The History of the "@" Symbol (Part 1) - edavis
http://www.shadycharacters.co.uk/2011/07/the-symbol-part-1-of-2/

======
cpr
I'm really not sure why the author is expending so much energy on the "@". It
was the clearly obvious symbol for so-and-so at a given machine. What else
could Tomlinson have used from the basic teletype character set?
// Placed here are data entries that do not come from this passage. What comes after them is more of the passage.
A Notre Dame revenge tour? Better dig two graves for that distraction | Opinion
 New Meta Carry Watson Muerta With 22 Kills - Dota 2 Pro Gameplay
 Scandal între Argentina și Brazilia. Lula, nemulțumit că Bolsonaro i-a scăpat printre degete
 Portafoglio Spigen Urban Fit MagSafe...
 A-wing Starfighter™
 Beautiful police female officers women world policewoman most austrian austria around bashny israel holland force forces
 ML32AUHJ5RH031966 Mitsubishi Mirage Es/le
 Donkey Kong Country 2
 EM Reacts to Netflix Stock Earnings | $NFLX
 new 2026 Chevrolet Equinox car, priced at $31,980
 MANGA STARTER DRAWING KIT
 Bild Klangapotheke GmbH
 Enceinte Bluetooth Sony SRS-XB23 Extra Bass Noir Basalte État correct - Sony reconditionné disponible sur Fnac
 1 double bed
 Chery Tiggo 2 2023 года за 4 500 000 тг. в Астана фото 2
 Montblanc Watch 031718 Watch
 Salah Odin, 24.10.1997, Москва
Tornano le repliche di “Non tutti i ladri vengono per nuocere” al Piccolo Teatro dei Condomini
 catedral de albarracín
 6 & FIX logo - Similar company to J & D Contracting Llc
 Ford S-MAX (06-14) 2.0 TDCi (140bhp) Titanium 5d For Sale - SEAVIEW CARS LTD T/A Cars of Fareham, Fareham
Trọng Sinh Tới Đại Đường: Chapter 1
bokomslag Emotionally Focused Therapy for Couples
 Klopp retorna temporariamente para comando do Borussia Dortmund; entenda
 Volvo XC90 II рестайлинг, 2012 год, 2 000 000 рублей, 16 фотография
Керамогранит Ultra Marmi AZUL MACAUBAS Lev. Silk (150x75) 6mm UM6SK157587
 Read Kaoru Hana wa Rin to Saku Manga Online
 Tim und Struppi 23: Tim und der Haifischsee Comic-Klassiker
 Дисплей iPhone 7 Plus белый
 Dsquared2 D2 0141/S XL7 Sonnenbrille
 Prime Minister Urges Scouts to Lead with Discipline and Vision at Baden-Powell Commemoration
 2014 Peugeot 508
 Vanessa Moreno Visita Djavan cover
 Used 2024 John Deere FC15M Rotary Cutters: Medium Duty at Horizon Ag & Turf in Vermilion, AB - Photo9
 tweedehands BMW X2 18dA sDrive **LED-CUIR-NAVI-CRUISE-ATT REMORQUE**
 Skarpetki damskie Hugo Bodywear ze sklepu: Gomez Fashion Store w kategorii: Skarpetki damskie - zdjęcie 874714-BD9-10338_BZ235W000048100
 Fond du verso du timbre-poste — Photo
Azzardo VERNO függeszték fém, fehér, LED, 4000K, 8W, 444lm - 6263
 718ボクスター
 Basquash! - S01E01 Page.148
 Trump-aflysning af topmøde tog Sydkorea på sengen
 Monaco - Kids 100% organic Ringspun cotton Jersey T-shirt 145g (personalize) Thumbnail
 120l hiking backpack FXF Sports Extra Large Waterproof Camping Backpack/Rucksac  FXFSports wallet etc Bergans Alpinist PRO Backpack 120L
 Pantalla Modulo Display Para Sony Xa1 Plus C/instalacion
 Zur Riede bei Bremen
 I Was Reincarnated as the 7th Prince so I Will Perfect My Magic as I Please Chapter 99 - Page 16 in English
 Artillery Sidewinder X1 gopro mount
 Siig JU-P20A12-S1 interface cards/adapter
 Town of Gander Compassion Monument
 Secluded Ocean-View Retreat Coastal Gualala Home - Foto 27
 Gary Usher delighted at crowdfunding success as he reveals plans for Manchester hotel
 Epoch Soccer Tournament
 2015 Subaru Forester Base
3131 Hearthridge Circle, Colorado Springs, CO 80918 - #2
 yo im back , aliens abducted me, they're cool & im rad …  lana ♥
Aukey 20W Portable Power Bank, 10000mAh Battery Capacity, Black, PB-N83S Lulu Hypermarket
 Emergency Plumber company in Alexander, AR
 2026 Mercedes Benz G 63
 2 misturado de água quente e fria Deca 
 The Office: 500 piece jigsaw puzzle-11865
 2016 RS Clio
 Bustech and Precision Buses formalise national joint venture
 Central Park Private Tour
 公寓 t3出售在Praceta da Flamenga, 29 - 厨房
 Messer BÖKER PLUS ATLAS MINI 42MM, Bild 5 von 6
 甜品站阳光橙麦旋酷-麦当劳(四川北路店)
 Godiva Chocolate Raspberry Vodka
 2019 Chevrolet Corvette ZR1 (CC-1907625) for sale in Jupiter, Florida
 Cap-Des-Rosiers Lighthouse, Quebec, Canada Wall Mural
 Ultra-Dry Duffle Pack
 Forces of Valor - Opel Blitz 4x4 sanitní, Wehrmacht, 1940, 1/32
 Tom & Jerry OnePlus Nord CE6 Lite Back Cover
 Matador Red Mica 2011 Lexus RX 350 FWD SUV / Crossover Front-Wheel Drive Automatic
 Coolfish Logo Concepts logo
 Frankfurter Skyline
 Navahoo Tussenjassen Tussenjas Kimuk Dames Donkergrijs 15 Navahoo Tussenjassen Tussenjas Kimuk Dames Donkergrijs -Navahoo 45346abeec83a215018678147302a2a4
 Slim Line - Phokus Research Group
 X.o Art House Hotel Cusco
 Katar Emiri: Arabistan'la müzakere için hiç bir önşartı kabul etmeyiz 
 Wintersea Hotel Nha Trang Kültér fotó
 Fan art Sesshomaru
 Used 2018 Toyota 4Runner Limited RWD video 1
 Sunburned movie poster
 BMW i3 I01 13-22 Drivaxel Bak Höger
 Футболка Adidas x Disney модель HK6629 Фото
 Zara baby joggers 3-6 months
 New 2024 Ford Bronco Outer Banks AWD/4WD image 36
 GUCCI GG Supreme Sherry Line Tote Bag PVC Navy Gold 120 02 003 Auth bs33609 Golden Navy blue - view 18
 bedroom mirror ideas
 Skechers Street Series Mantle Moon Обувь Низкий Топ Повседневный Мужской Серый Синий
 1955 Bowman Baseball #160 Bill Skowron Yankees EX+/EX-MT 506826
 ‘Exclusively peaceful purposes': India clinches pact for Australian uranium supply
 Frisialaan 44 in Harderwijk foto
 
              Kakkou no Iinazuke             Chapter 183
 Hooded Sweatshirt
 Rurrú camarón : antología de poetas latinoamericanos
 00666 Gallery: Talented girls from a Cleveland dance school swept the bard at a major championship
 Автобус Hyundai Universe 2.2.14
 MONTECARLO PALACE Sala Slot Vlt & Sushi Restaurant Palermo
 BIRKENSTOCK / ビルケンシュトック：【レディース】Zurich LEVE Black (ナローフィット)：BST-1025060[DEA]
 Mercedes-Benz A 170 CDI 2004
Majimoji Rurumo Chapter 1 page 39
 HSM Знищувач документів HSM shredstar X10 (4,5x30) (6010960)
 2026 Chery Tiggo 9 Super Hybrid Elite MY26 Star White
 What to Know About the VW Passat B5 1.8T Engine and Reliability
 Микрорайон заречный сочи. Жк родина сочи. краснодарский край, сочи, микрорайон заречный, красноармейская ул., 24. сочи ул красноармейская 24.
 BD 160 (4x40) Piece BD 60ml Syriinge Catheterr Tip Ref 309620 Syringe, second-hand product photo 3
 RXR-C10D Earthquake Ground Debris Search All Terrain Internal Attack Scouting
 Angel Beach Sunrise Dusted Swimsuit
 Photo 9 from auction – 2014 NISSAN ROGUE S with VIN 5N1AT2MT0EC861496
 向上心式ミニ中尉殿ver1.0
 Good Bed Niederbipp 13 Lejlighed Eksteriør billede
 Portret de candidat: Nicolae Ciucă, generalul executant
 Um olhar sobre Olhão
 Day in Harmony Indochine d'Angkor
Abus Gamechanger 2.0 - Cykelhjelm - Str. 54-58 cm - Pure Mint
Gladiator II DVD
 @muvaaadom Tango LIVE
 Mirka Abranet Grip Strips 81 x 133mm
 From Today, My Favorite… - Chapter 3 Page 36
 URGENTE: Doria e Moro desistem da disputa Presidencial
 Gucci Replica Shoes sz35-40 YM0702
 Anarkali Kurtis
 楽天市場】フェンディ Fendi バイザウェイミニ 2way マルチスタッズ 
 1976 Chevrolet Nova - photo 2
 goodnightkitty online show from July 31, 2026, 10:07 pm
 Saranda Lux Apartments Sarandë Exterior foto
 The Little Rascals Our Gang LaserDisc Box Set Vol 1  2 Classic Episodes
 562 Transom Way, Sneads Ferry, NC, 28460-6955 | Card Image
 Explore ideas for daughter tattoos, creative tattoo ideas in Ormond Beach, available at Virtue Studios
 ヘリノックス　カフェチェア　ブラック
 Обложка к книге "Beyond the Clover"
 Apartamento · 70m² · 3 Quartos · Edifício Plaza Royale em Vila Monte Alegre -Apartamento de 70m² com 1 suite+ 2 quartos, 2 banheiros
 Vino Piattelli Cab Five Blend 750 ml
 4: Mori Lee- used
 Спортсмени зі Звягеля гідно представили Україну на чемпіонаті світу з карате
And, as I commented to the author on Twitter, his story of how email came to
be glosses over the low-level technical details that would interest at least
the HN crowd. (I realize that's not the point of his story. But he touched on
it, anyway.)

For example, in the pre-TCP era (NCP was the host-to-host protocol), email was
delivered by FTP'ing to the given site and appending your message (saved as a
file) to the user's publicly-accessible mail box file (which was usually
append-only, so you couldn't read it).

We were pretty trusting in those days.

That meant your email name was your username on the site; for us TOPS-10
users, that means our email address was the usual 18+18 octal
project/programmer number. I think mine was 377,6001@harv-10 (no domains in
those days). The lucky guys on Tenex systems (the precursor to TOPS-20) and
Multics, etc., had real names.

I also remember being on the first ARPAnet mailing list (1972?), which was, of
course, a discussion group on mail clients' UX and mailing lists, combined.
Talk about bike-shedding and flame wars! But of course, none of us had ever
experienced anything like a mailing list before, so we had to discover all
those issues ab initio.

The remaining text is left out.